# New to Reptiles



## PiranhaLos (Feb 13, 2007)

hello i am new to reptiles. i am a noob and have no experience what so ever with reptiles. however, i am very interested in getting some as pets. i need your advice to help pick out my type of reptile. heres what im looking for: either a snake or a group of lizards that would be VERY VERY VERY EASY TO HANDLE and are NOT aggresive to humans as i want something that i can pick up alot and not have to worry about it biting me or my little cousins and sister, something that DOES NOT grow past 4 ft. (anything larger than that, i will NOT be allowed to have) and DOES NOT grow less than 8 inches.

** i am slightly leaning more towards lizards that i can have a group of (say 3+) and not have any problems with aggression or fighting or biting humans when coming in contact with humans and would be good for a first timer.

p.s tank size is not an issue as long as it doesnt go bigger than 75 g

any advice/suggestions/comments/answers are greatly appreciated as i am very eagered to getting a reptile pet.


----------



## dark FrOsT (Sep 23, 2006)

welcome to the site, glad to see another member interested in herps.

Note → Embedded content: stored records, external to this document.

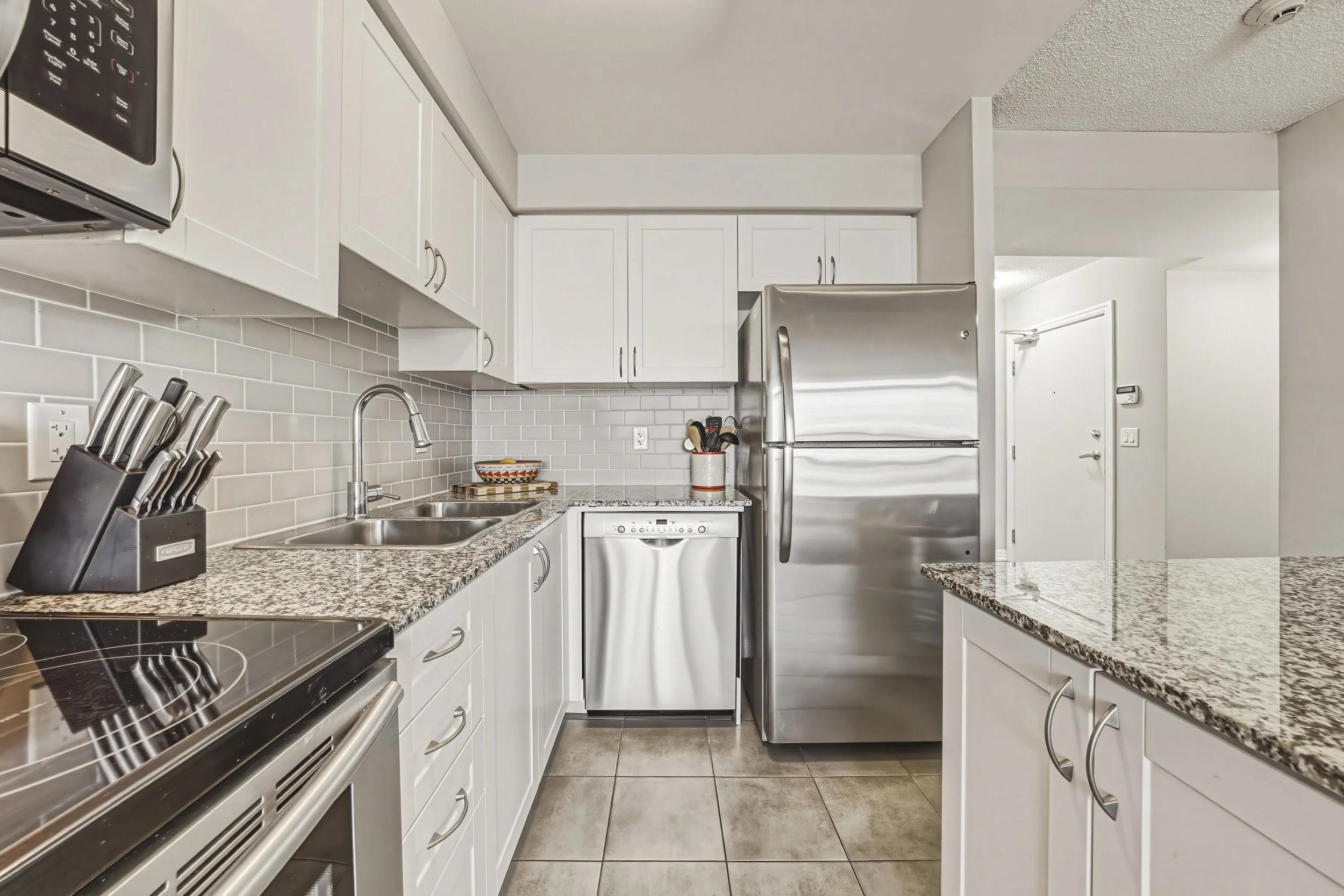 12 - 940 Ironstone Dr #610, Burlington.jpg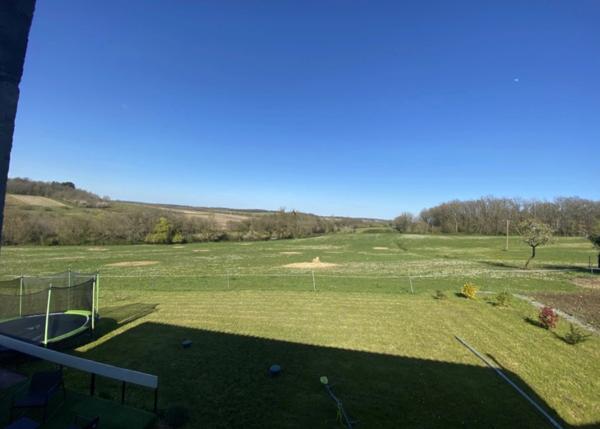 🏡 CHARMANT DOMAINE À LINARS – AUTHENTICITÉ, ESPACE & CONFORT ! 🌿✨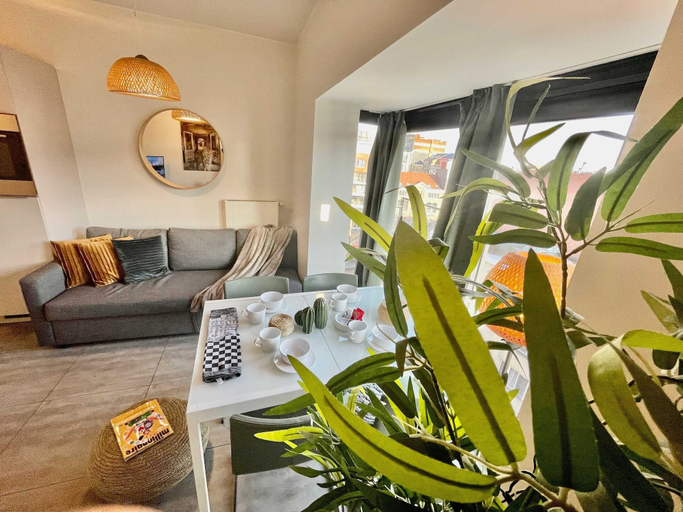 Living room 4, Suite in Antwerp Near Meir Shops, Antwerpen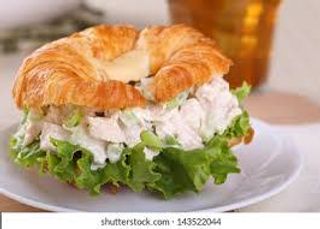 61 Croissant De Pollo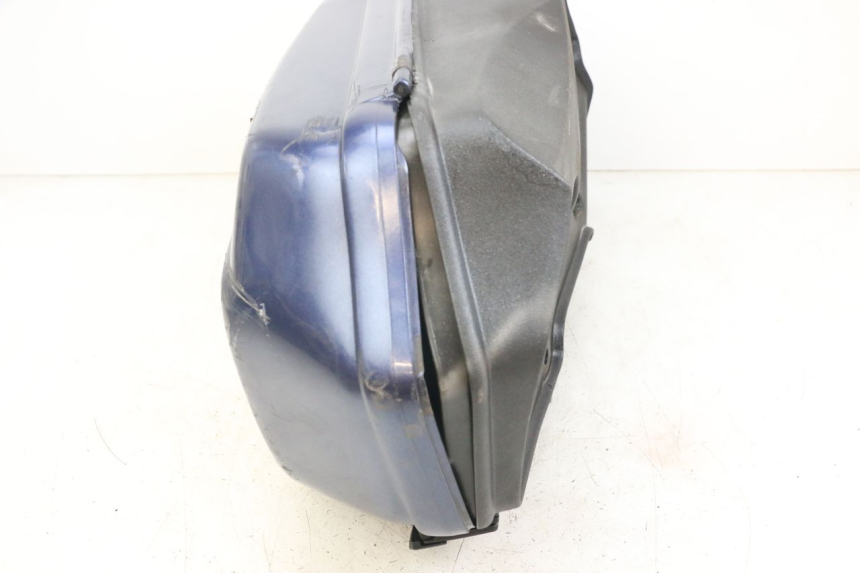 photo de KOFFERTRÄGER APRILIA SCARABEO GT 125 (1999 - 2007) - Hochauflösende Nahaufnahme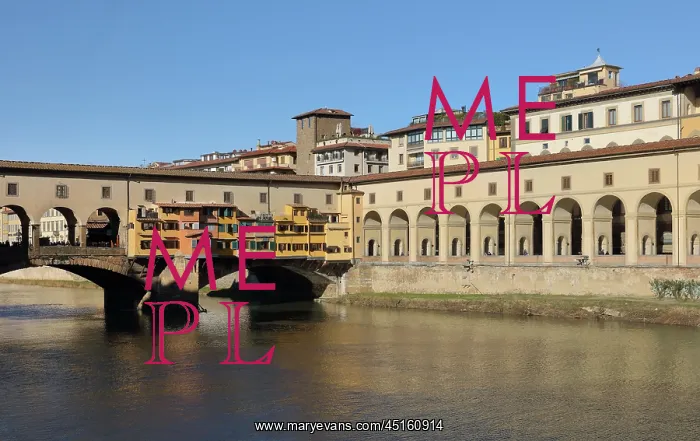  : Ponte Vecchio and Vasari Corridor, Florence, Tuscany, Italy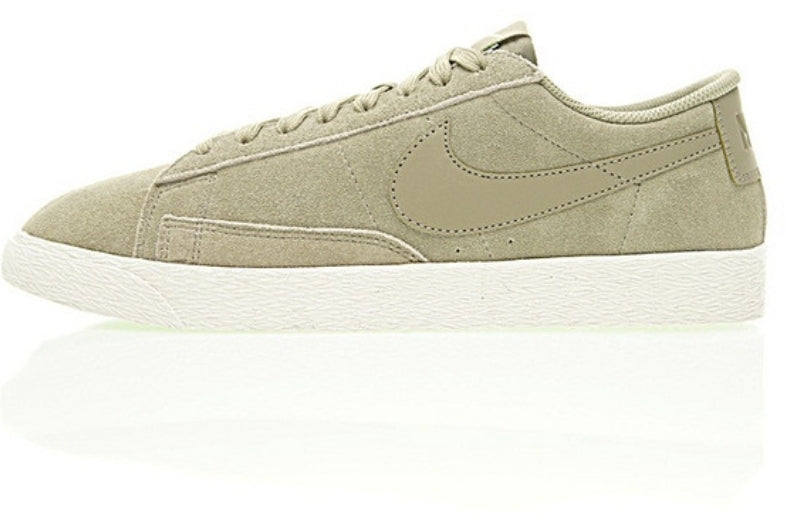Les baskets Nike Blazer Low combinent un style intemporel et une élégance décontractée. Leur design épuré et leurs matériaux de qualité en font un choix prisé des amateurs de mode.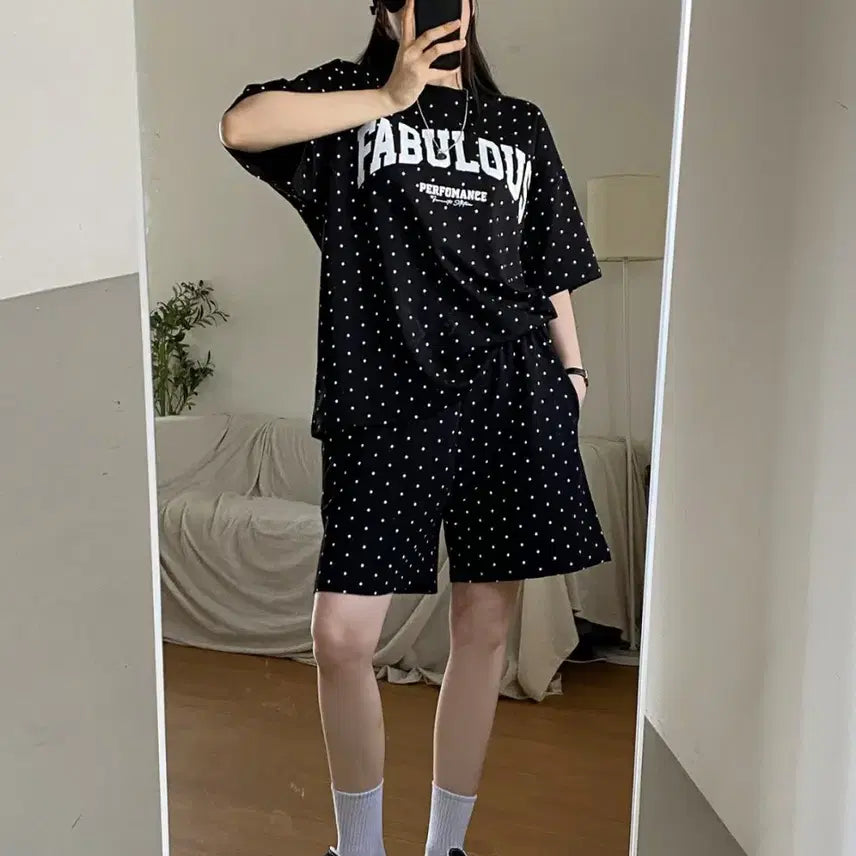 [BUNJANG] Dot Print Two-Piece Training Set / 도트 반팔 티셔츠 반바지 트레이닝복세트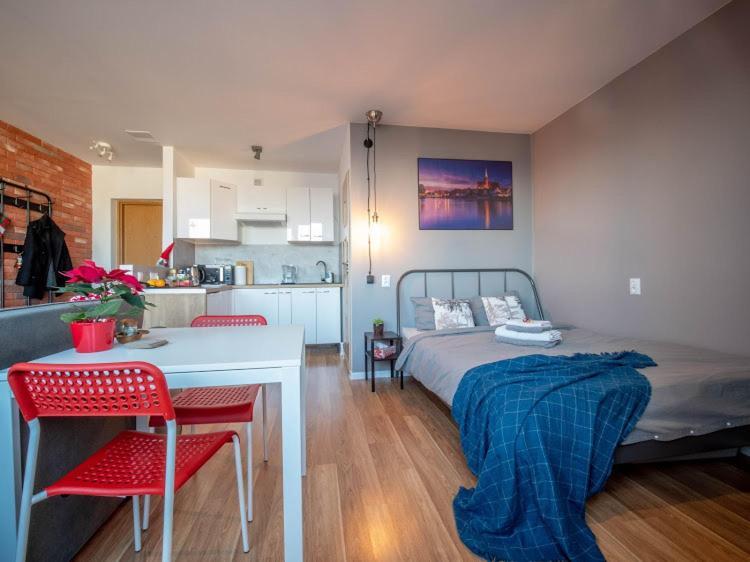 Modern Studio In The City Center Of Wroclaw! Екстер'єр фото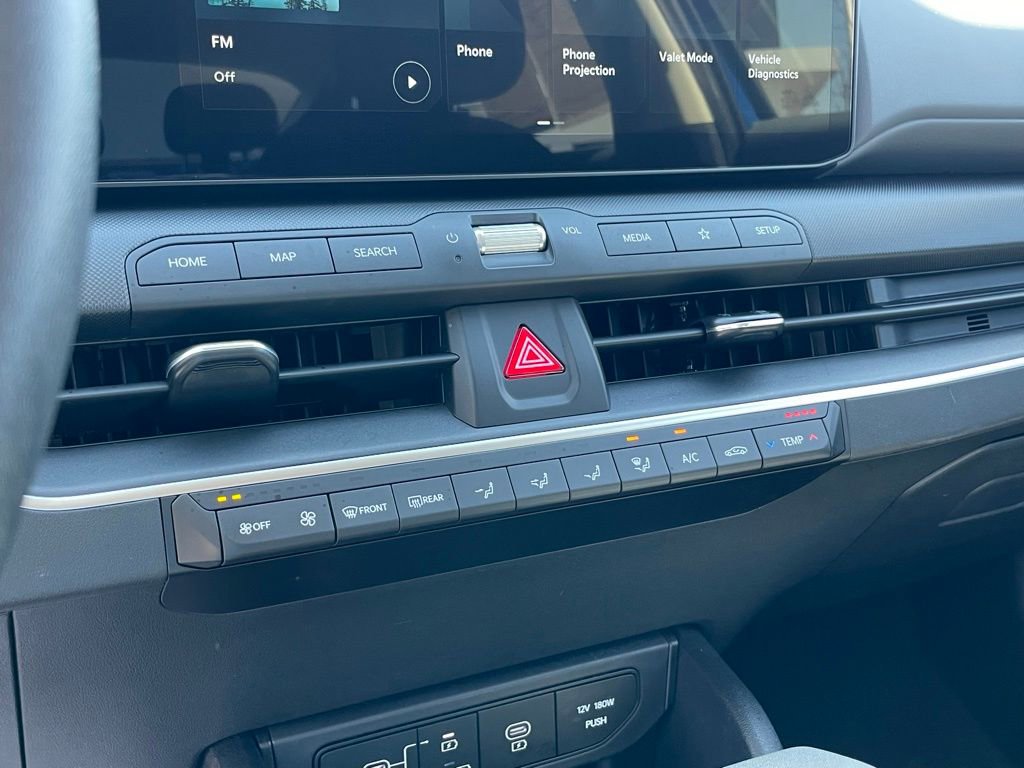 Certified 2025 Kia K4 LXS image 17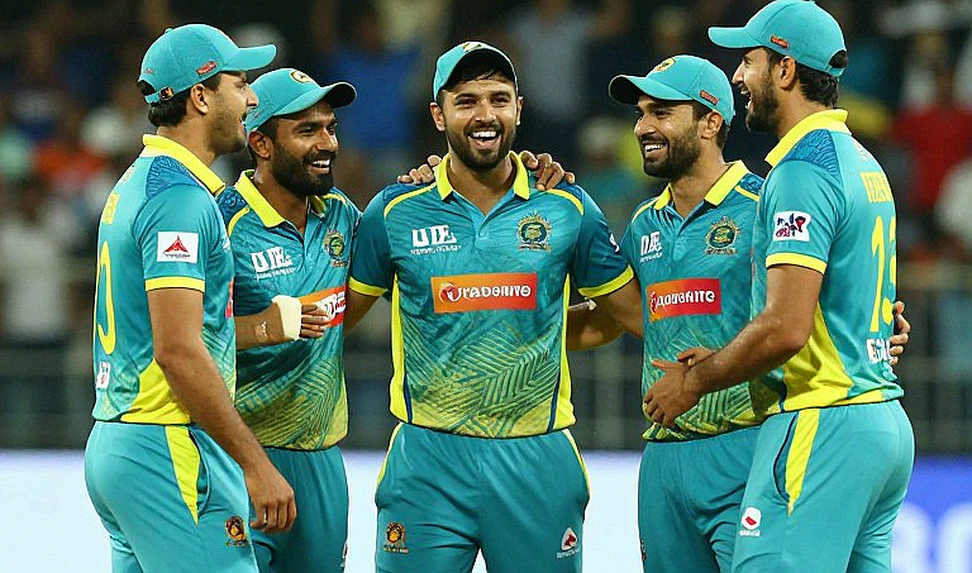 স্কোরবোর্ড যখন ভুলে যায়: ব্লকচেইন, ট্রান্সফার-উইন্ডো আর মাঠের নীরবতার সত্য স্কোরবোর্ড যখন ভুলে যায়: ব্লকচেইন, ট্রান্সফার-উইন্ডো আর মাঠের নীরবতার সত্য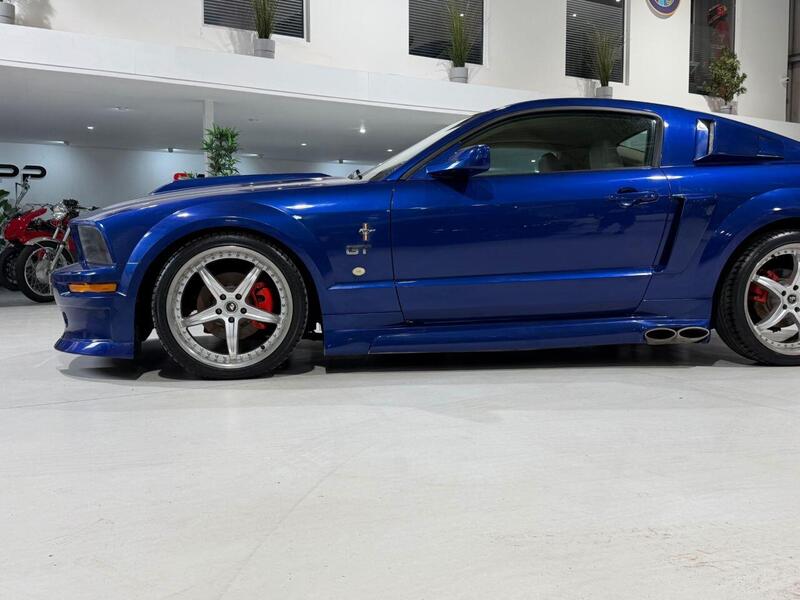 Ford Mustang GT 2004 4.6 v8 Cervini kit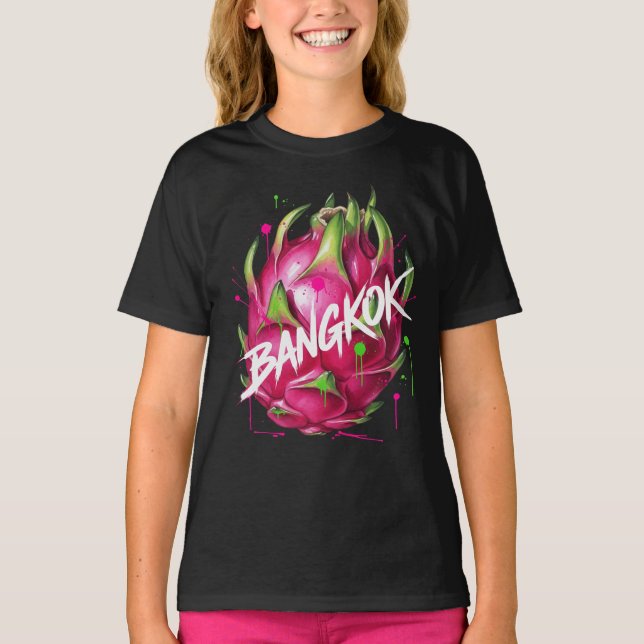 Camiseta Invitando a Bangkok, Fruta del Dragón, por Natasha (Anverso)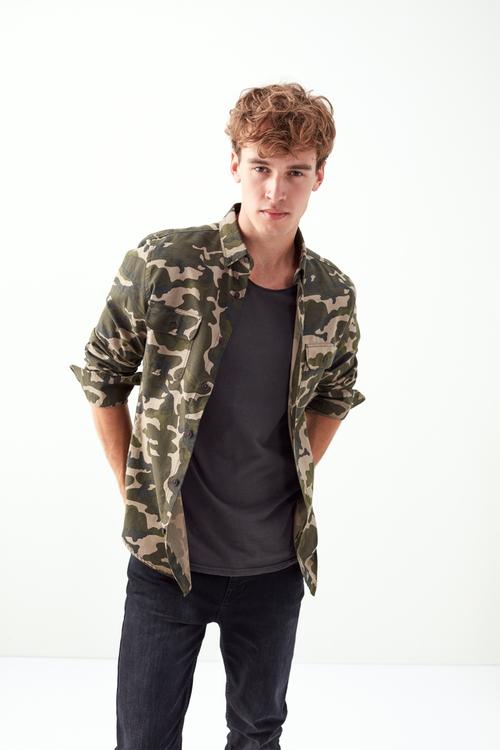  KAMUFLAJ DESENLİ REGULAR CASUAL GÖMLEK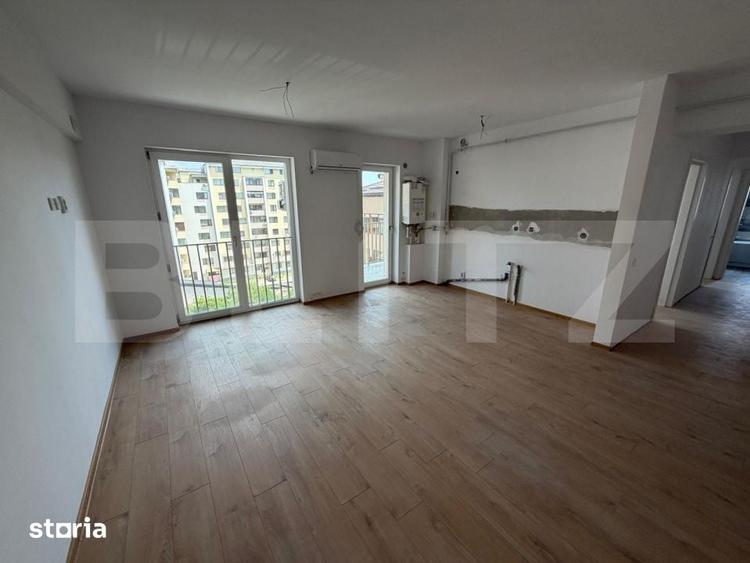 Apartament cu 3 camere în Craiovița Nouă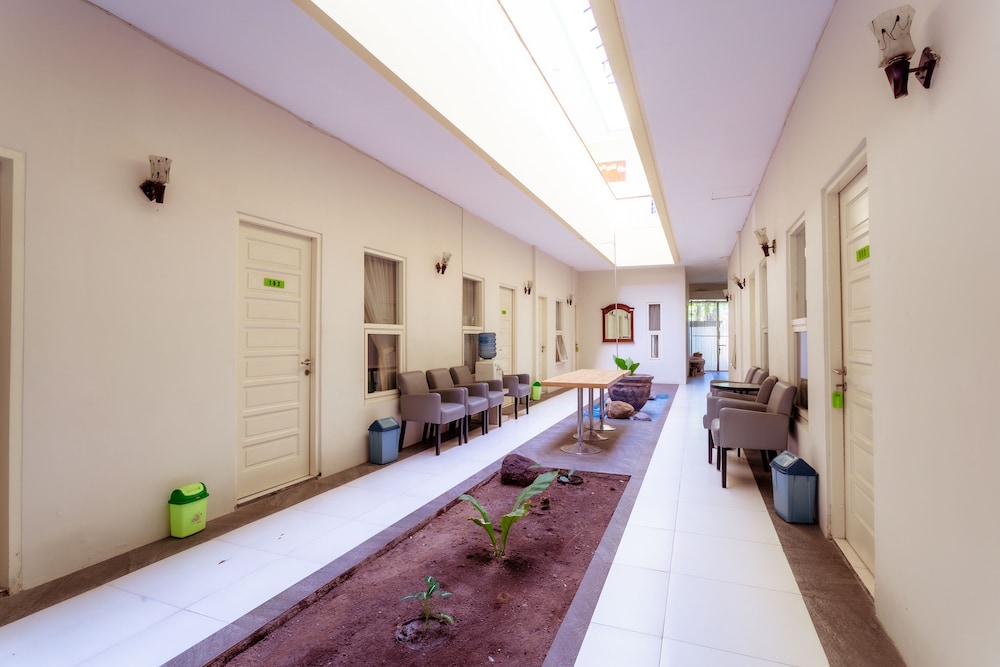 Ardhya Guest House 22/46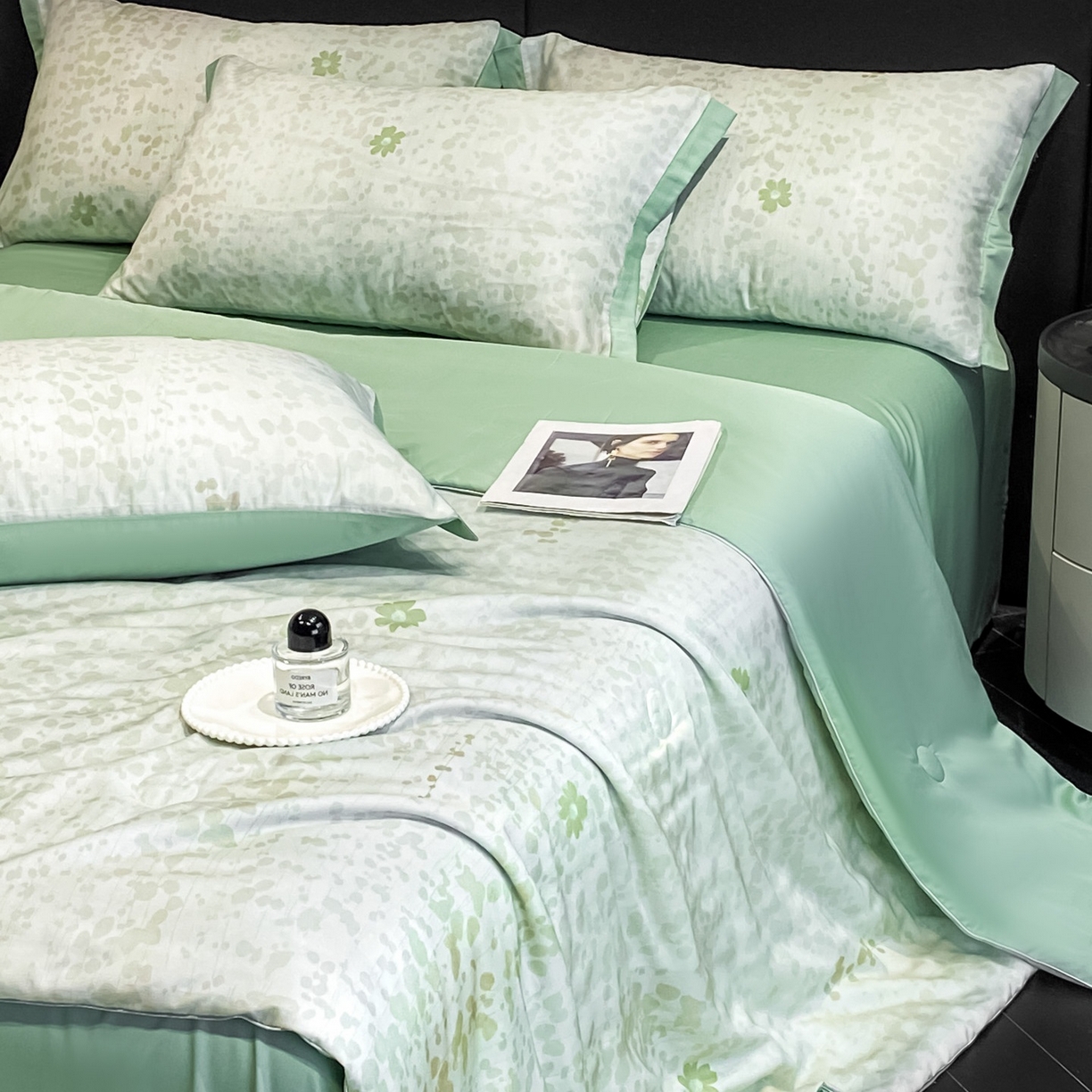 91家纺网 家纺一手货源 找家纺 慕尚家纺 2026春夏新款莱赛尔天丝夏被夏凉被空调被夏被四件套 青栀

well if you go the lizard route you can get geckos and they can be housed together without ne problems and you can put a lot more then 3 in a 75 gal tank







but ive never owned then and im not to sure how well they are handled. i think its okay but i am not sure. like lepord geckos and what not come in tons of colours, i see them at all the pet stores all the time and they easy to care for. also most dont get to big.

if you want something larger you can look at getting a bearded dragon they are easy to care for, easy to handle but im not sure if you could get away with keeping 3 in a 75 gal tank, maybe 2. they also come in different colour morphs (colours).

something you have to remember if you keep more then one species in the same tank is not them killing each other but i them mating ... what are you going to do if they have babies.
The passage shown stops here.